The Whole Milk

by John Fund

Milk,” in which Sean Penn stars as Harvey Milk, the first openly gay politician elected to office in a major city, has become a liberal rallying point. Even more so in the wake of California’s passage of Proposition 8, a statewide ban on gay marriage. Too bad the film doesn’t tell the complete story of Milk, whose early support for Barry Goldwater and later championing of gay small businessmen show how much common ground the libertarian right and the civil-rights left can have. Milk was a much more complicated figure than many people realize.

The film has become a focal point for liberal anger. Some of its fans have urged a nationwide boycott against Cinemark movie theaters after Cinemark CEO Alan Stock donated $10,000 to the “Yes on 8″ campaign. “He should not profit from now showing ‘Milk’ in his theaters,” says the boycott website. Penn himself used his Academy Award acceptance speech for Best Actor to lecture Prop 8 supporters that they can “anticipate their great shame and the shame in the eyes of their grandchildren if they continue.”
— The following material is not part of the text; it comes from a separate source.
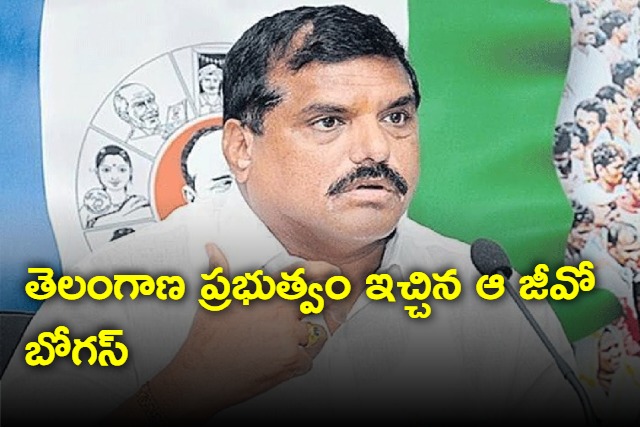 Telangana GO is bogus says Botsa Satyanarayana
“Milk” is a fascinating celebration of a man who was both a symbol of gay empowerment and a martyr to gay rights. The film premiered on the 30th anniversary of his death in 1978. Harvey Milk only served as a member of San Francisco’s Board of Supervisors for 11 months before he, along with Mayor George Moscone, was gunned down at age 48 by Dan White, a former Supervisor who nursed political grudges against both men. White was convicted only of manslaughter after putting up a preposterous defense that too much junk food had impaired his judgment — a foretaste of even stranger legal arguments in later years as more and more people have sought to avoid responsibility for their actions.

Milk is celebrated in the film for his aggressive leadership on gay rights, especially for helping defeat the Briggs Initiative in 1978, which would have banned gays from teaching in public schools — a measure also opposed by Ronald Reagan and many conservatives. But the story of Harvey Milk as a politician was much more than just a symbol of gay liberation. While part of his strategy was to use the tools of old-time ethnic politics to build up a political machine whose organizing principle was sexual orientation, there was also at the heart of all of his campaigns the notion that government had to be responsive to the rights of individuals.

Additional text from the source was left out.